Przejdź do treści
Przejdź do stopki

Eurosieroctwo skutkiem migracji

Treść

Polska nie jest wolna od problemów związanych z migracją ludzi. Jednym z nich jest ok. 400 tys. dzieci i młodzieży, których rodzice wyjechali za granicę w poszukiwaniu pracy.

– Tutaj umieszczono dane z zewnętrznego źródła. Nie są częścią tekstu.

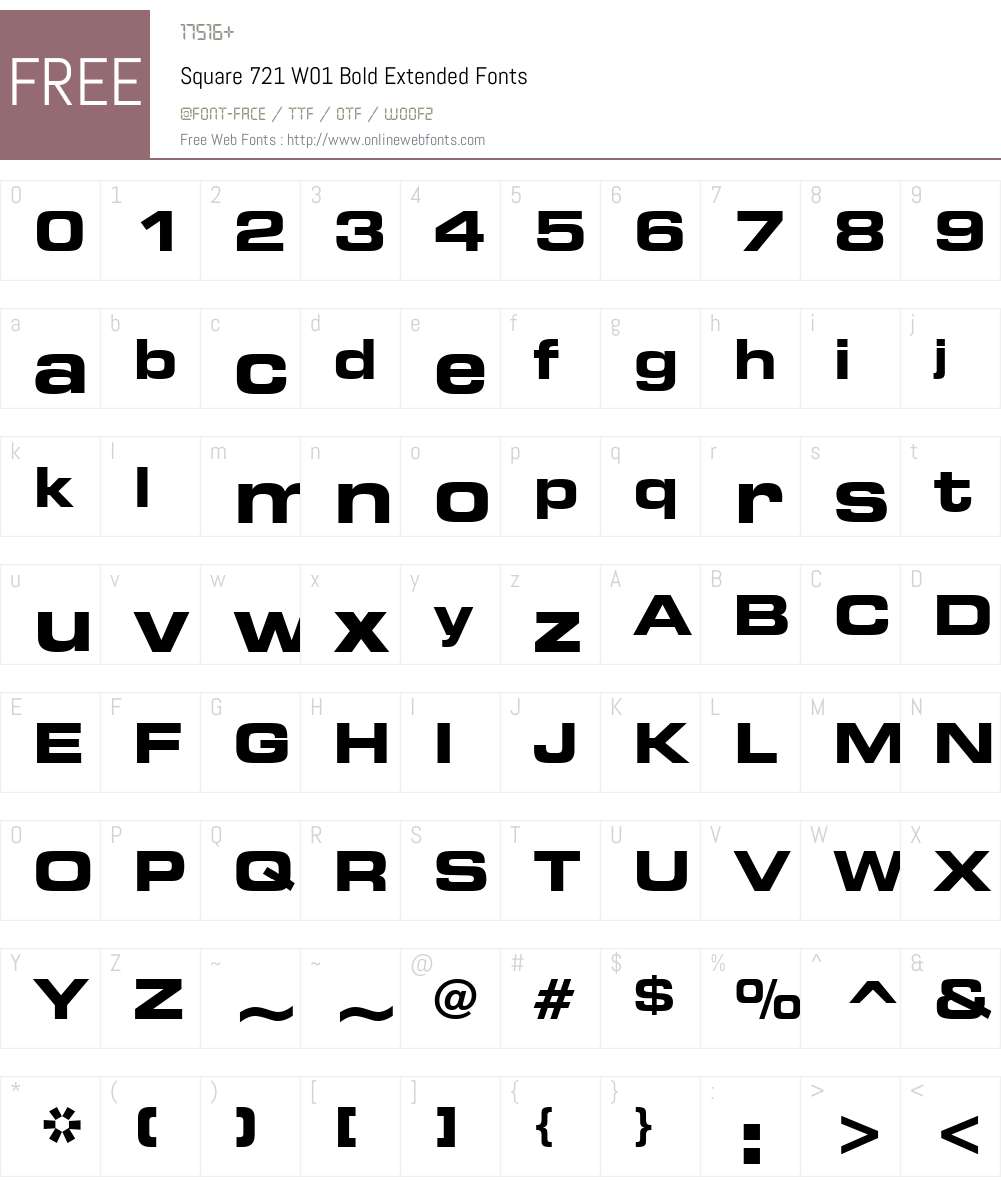 Square721W01-BoldExtended Font Screenshots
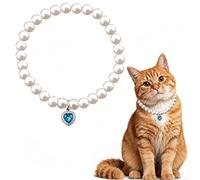 Collier de perles pour chats et chiens de petite taille - Accessoires pour chats et chats - Collier de perles pour animaux domestiques avec breloque en forme de cœur - Collier élastique pour chien et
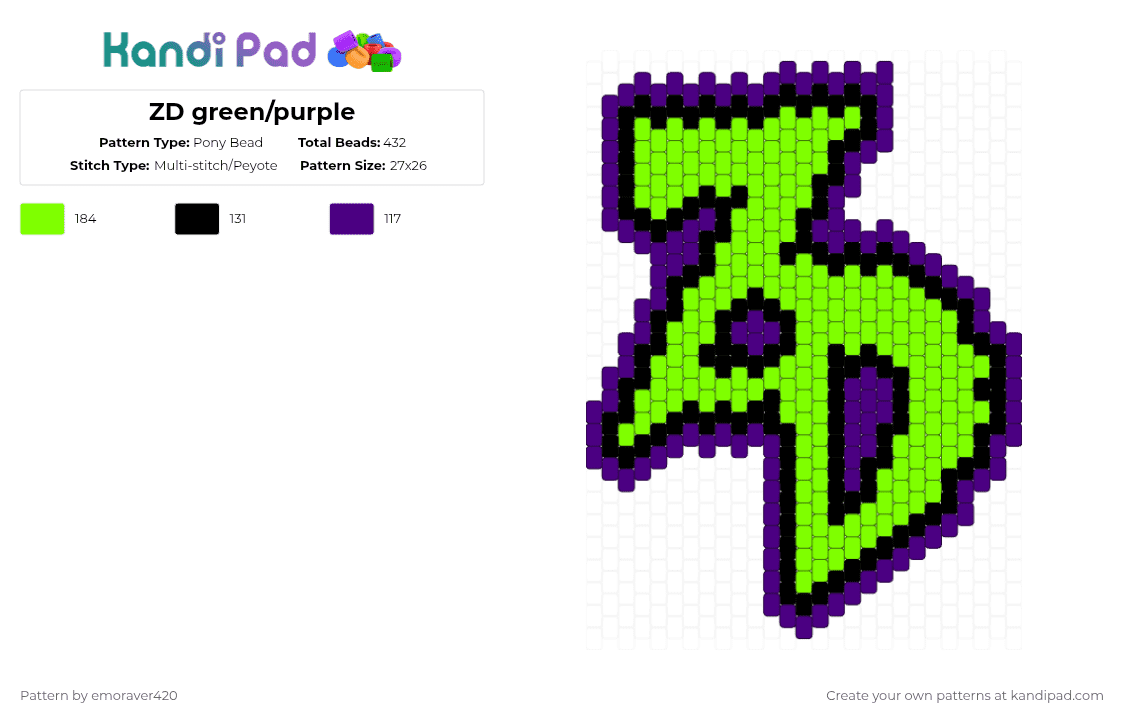 ZD green/purple - Pony Bead Pattern by emoraver420 on Kandi Pad - zeds dead,green,purple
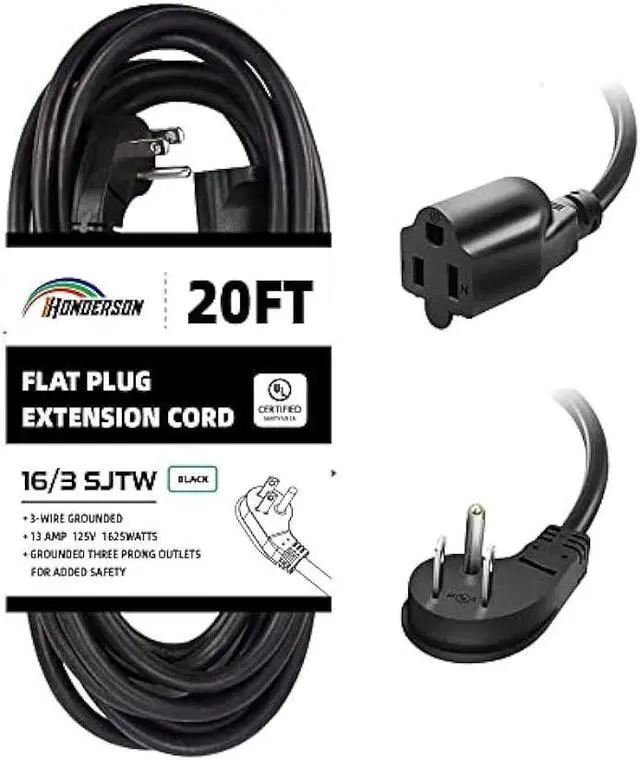 Main image of Flat Plug Indoor Extension Cord, UL Listed, 16 Gauge 20FT Black 3 Prong Heavy Duty, 16/3 SJTW 13A Power Cord for Lights, Appliances, Home
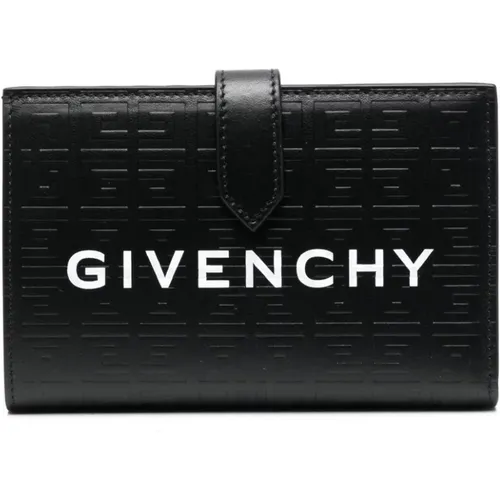 Schwarze Logo-Print Leder Bi-Fold Brieftasche - Givenchy - Modalova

Los tzw. eurosierot to jeden z tematów, które zostaną podjęte w czasie rozpoczętego wczoraj w Warszawie spotkania przedstawicieli Caritas z 49 krajów Starego Kontynentu.

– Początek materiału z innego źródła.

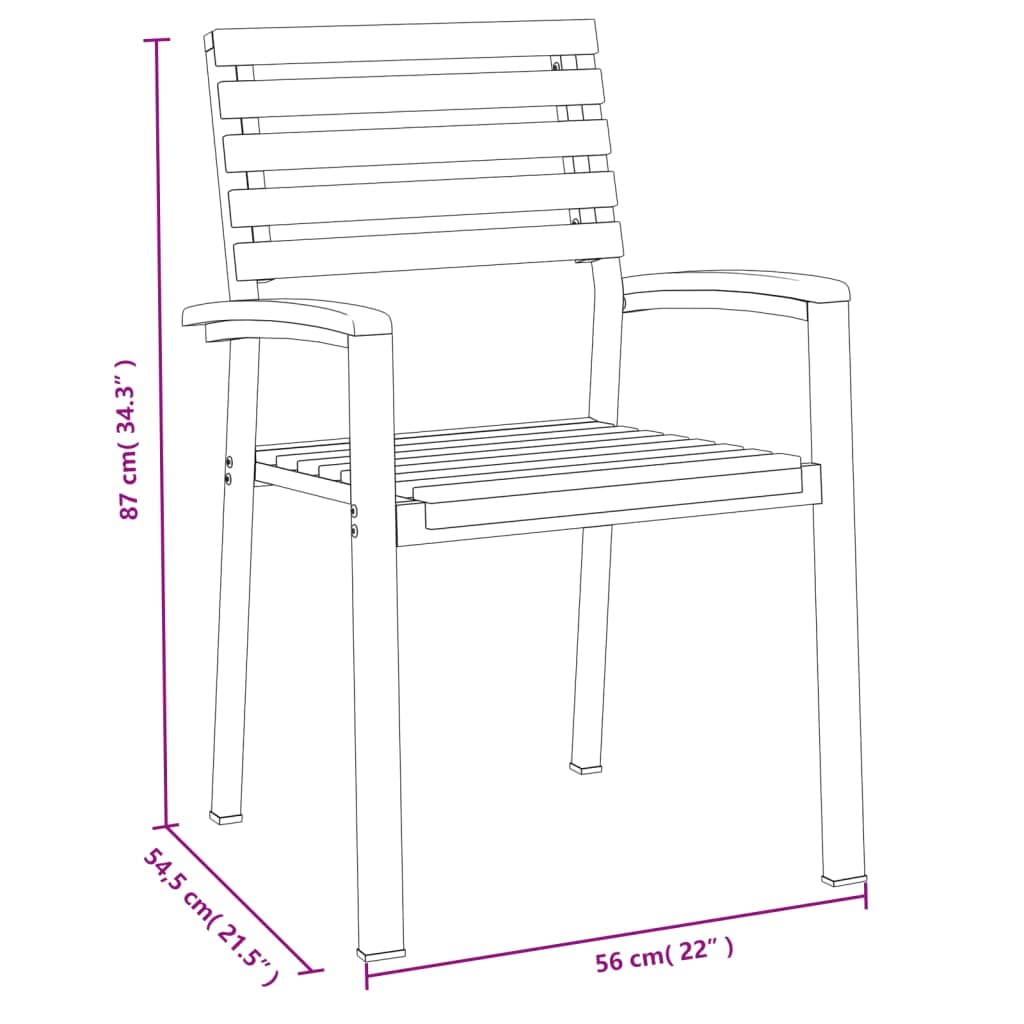 vidaXL Chaises de Jardin empilables Lot de 2 Bois d'acacia et métal
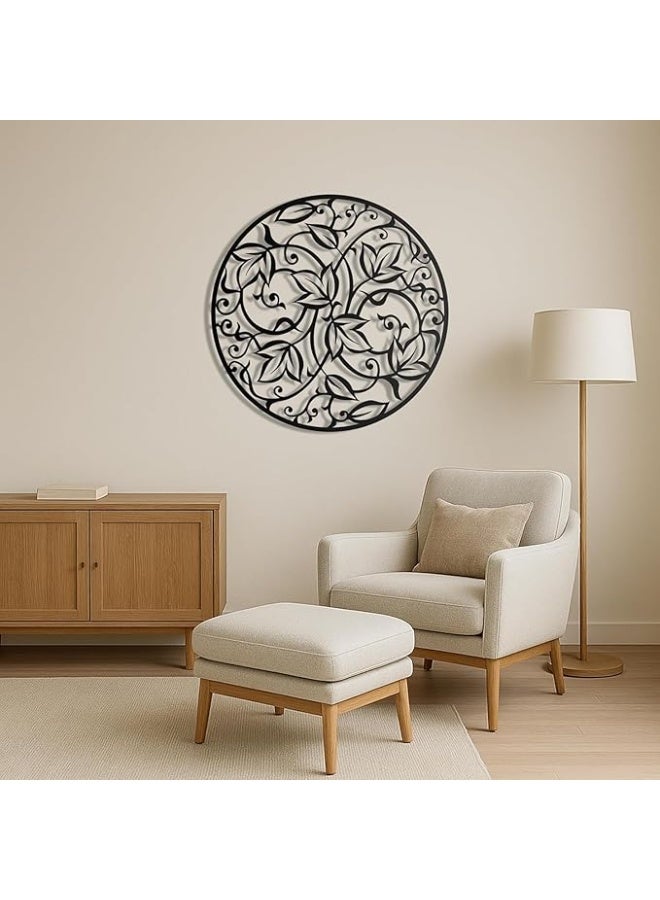 MIRFA Wooden Wall Art With Self Adhesive Base - Black (Leaf & Vine In Round Mandala) - Image 4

Kryzys gospodarczy w państwach europejskich, konflikty w wielu innych częściach świata są powodem przemieszczania się ludzi w poszukiwaniu lepszych warunków życia, a to generuje nowe problemy społeczne. - Jednym z problemów jest m.in. niestabilność rodziny i problem dotyczący Polski, czyli tzw. eurosieroty, dzieci pozostawione przez rodziców, którzy musieli wyjechać w poszukiwaniu pracy - zaznacza ks. dr Marian Subocz, dyrektor Caritas Polska. Zwraca uwagę na szokujące dane obrazujące to zjawisko. Szacuje się, że problemem tym jest dotkniętych ponad 400 tys. dzieci i młodzieży. - To nowe wyzwanie, które jest skutkiem migracji i emigracji - podkreśla ks. Subocz. Podobna sytuacja jest także w innych krajach, co pokazuje, że trudności nie dotyczą jedynie osób migrujących. Potwierdza to Jorge Nu-o Mayer, sekretarz generalny Caritas Europa. Wskazuje, że poszukując lepszych warunków życia, emigranci pozostawiają swoje rodziny, które cierpią.

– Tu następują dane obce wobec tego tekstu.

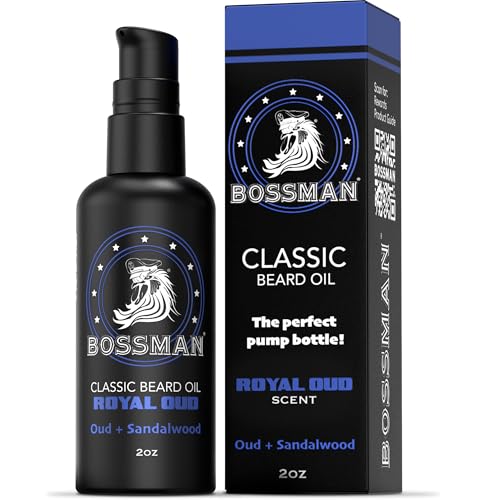 Bossman Organic Mustache & Beard Oil for Men, 2 oz ? Natural Beard Moisturizer with Jojoba, Argan & Avocado Oils (Royal Oud Scent)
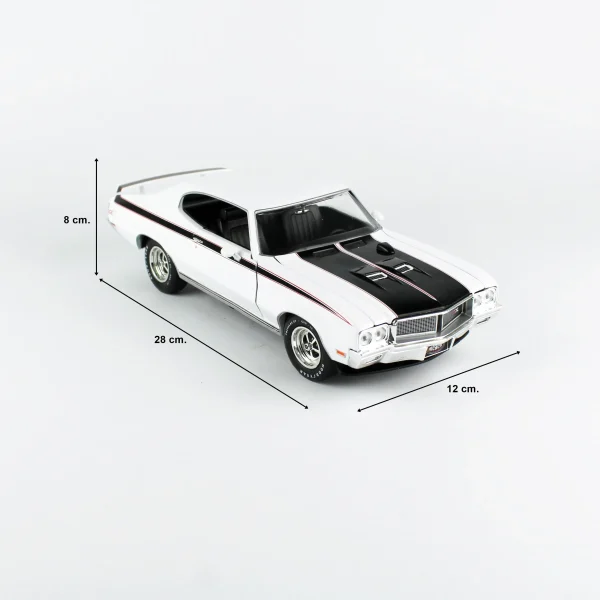 1/18 1970 Buick Hardtop GSX (MCACN) Apollo White Diecast Araba Modeli, AutoWorld AMM1322 - Görsel 5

Głównym tematem obrad warszawskiego spotkania regionalnego Caritas Europa jest troska o migrantów w kontekście trudności, z jakimi spotykają się w poszczególnych społeczeństwach. Do Polski przybyło 86 przedstawicieli z 49 placówek Caritas na naszym kontynencie. Podczas trzydniowych obrad od 10 do 12 maja będą analizować zmieniającą się rzeczywistość, potrzeby człowieka i problemy, które wynikają z rozwoju warunków życia. Będą również wymieniać się doświadczeniami. Dyrektor Caritas Rosja ks. Dariusz Jagodziński zwraca uwagę, że Caritas w tym kraju niesie pomoc opuszczonym dzieciom, bezdomnym, inwalidom czy matkom samotnie wychowującym dzieci w wielu rosyjskich miastach, gdzie komunizm pozbawił ludzi wrażliwości na bliźnich. - Spotykamy się również z trudnościami pośród migrantów pracujących w Rosji. Pochodzą głównie z republik rosyjskich, z państw z południa regionu Morza Kaspijskiego, z republik kaukaskich, znajdują zatrudnienie w Rosji - mówi ks. Jagodziński. Gośćmi honorowymi konferencji "Opieka i Migracja" są ks. kard. Robert Sarah, przewodniczący Papieskiej Rady Cor Unum, koordynator pracy charytatywnej Kościoła powszechnego, przewodniczący Caritas Europy ks. Erny Gillen i sekretarz generalny Jorge Nu-o Mayer. - Wśród tych, którzy cierpią, są również migranci i uchodźcy - zaznacza ks. kard. Robert Sarah. - To cierpienie spowodowane jest pozostawieniem swojej ojczyzny, życiem poza własną rodziną, życiem z niepokojem, czy zostaną przyjęci, czy odrzuceni - dodaje. Ważne jest wyrażenie bliskości Kościoła z tymi, którzy cierpią. - Do przyjęcia tych osób powołany jest Kościół, ale nie wystarcza samo przyjęcie, trzeba także zwrócić uwagę na przyczyny migracji - mówi podsekretarz Papieskiej Rady Cor Unum ks. prałat Segundo Tejado Mu-oz, zwracając uwagę na potrzebę podwójnej pracy: na rzecz polepszenia jej warunków w określonym państwie, w danym narodzie i na rzecz godnego przyjęcia ludzi, którzy migrują. Takie dzieła podejmuje Caritas na całym świecie.